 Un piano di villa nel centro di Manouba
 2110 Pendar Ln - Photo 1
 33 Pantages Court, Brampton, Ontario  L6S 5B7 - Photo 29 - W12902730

----------------

Required work:
Every line of the material should be transcribed without alteration.

Output of the task:
 Un piano di villa nel centro di Manouba
 2110 Pendar Ln - Photo 1
 33 Pantages Court, Brampton, Ontario  L6S 5B7 - Photo 29 - W12902730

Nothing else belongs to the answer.